Rezension

Damals, als wir Freunde waren

Wenn wir wieder leben - Charlotte Roth

Wenn wir wieder leben
von Charlotte Roth

Bewertet mit 5 Sternen

In Zoppot der 1920er Jahre erlebt Gundi Frieböse eine glückliche Kindheit bei ihrem Großvater Paul Otto Peter Frieböse genannt Pop. Sie leben in Danzig, aber im Sommer verbringen sie die Wochenenden in Zoppot, dem vornehmen Ostseebad. Dort fühlt Gaudi sich als das glücklichste Kind von der Ostseeküste.

Mit siebzehn träumt sie am Strand von Zoppot mit ihren beiden Freunden Erik und Julius und ihrer Halbschwester Lore eine erfolgreiche Band zu werden. Das gelingt ihnen auch und schon bald tingeln sie nicht nur in Zoppoter Kneipen, sondern fahren mit dem Luxusliner Wilhelm Gustloff über die Meere. Es fällt ihnen nicht schwer den Band-Namen zu ändern und sich fortan die Vier aus Zoppot zu nennen, auch sind sie plötzlich keine Band mehr, sondern eine Tanzkapelle. Viel zu spät erkennt Gundi, wie extrem die Welt sich verändert hat, dass ihre polnischen und jüdischen Freunde verfolgt werden und dass der Mann, den sie liebt, im polnischen Widerstand kämpft.

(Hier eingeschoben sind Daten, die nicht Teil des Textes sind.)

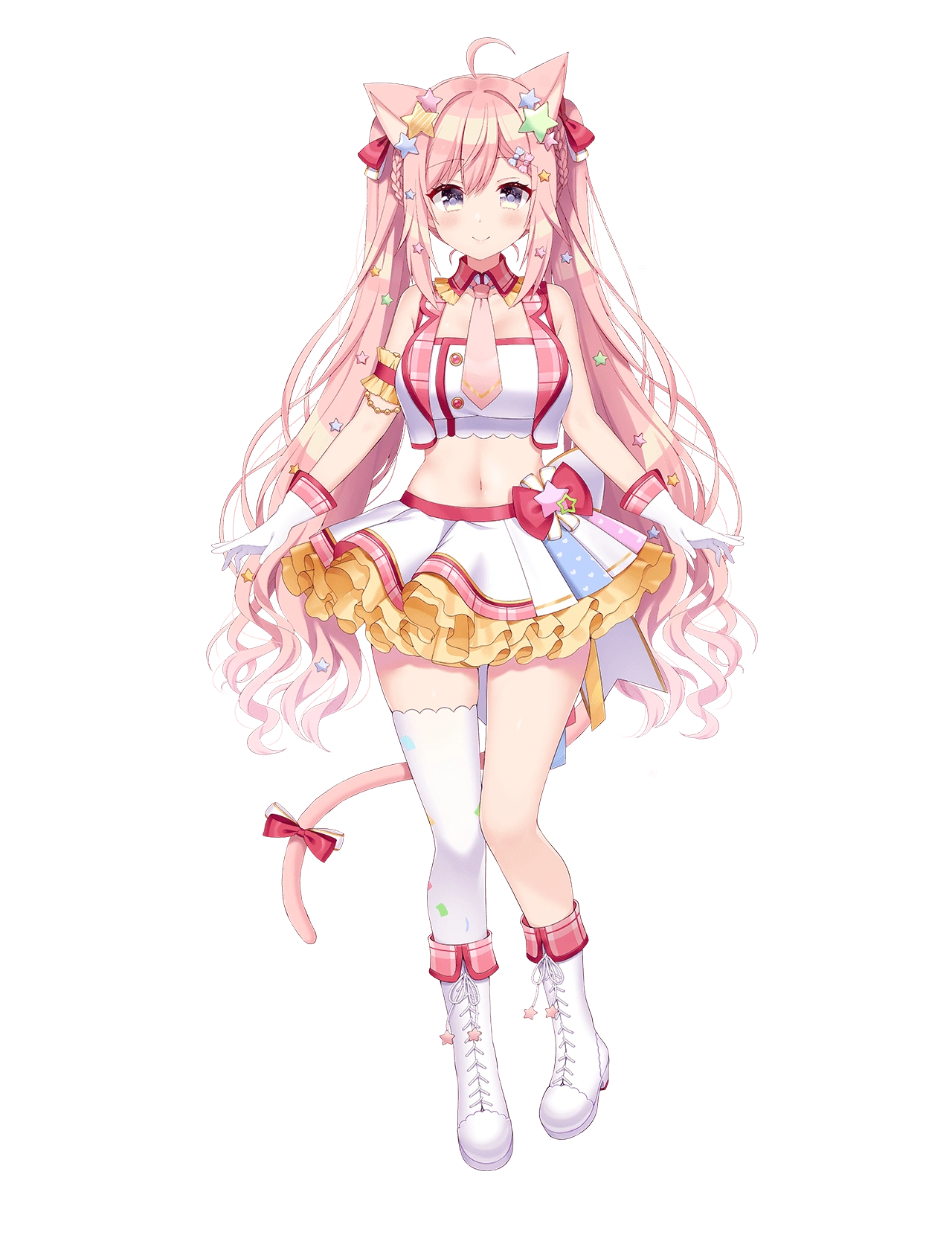 Idol Outfit by Momoshiki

Jahre später verfolgt die junge Wanda Gundis Spur um zu ergründen, was damals passiert ist.

 

Mein erster Eindruck von diesem Buch ist die pastellfarbene Weichzeichnung des Covers. Beim Lesen habe ich mich dann sofort in den Schreibstil und die Sprache verliebt. Ich empfinde die Sprache honigsüß oder nach Hagebuttentee riechend wie die Autorin sie beschreibt. Die melancholische Beschreibungen des Ostseebades oder Danzigs Straßen zeugen von einer großen Liebe und Sehnsucht nach der alten Heimat. Meine Schwiegereltern stammen aus dieser Gegend. „Noch ist Polen nicht verloren“ und „unsere alte ferne Heimat“ waren Sätze, die ich oft von ihnen hörte. Sie hätten auch ihre Freude an diesem Buch gehabt. 

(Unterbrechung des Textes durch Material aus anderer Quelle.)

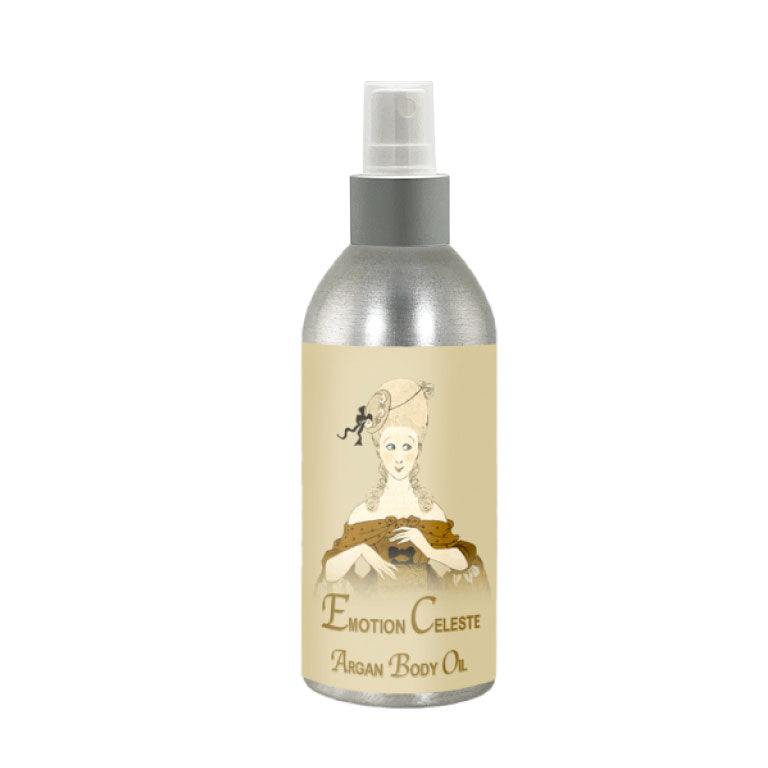 French Body Argan Oil 8oz.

Mich hat sprachlich besonders überrascht, dass Begriffe wie Kaschemme, Matka. pieschern, Schisslaweng, krakeelen, verhohnepiepeln, die ich für Umgangssprache des Ruhrgebiets und Niederrheins gehalten habe, aus Polen beziehungsweise aus Danzig stammen. Die meisten dieser Begriffe hab ich vorher noch nie geschrieben gesehen.

 

Frau Roth hat eine wunderschöne, traurige und tragische Familiengeschichte geschrieben, die Zeitgeschichte aus einer anderen Sicht beleuchtet. Dieses Mal sind es nicht die Opfer und auch nicht die Verbrecher, die den Niedergang und Untergang der Deutschen schildern. Gundi ist eine, die glücklich mit ihrem Leben und ihrer Umgebung ist, die glücklich ist, ihre Musik machen zu können. Sie bekommt die Veränderung um sie herum nicht mit. Erst sehr spät drängen sich ihr die Ereignisse auf, aber in ihrer Naivität meint sie, dass alles wieder gut wird.

 

Der Roman lässt mich nachdenklich und vielleicht auch etwas wehmütig zurück. Der letzte Abschnitt „Noch ist Polen nicht verloren“ tut da sein übriges und erinnert mich an meine Oma Sonntag aus Meiderich, die zwar nicht aus Danzig stammt, aber sicher einiges mit ihrer Oma Lita gemein hat.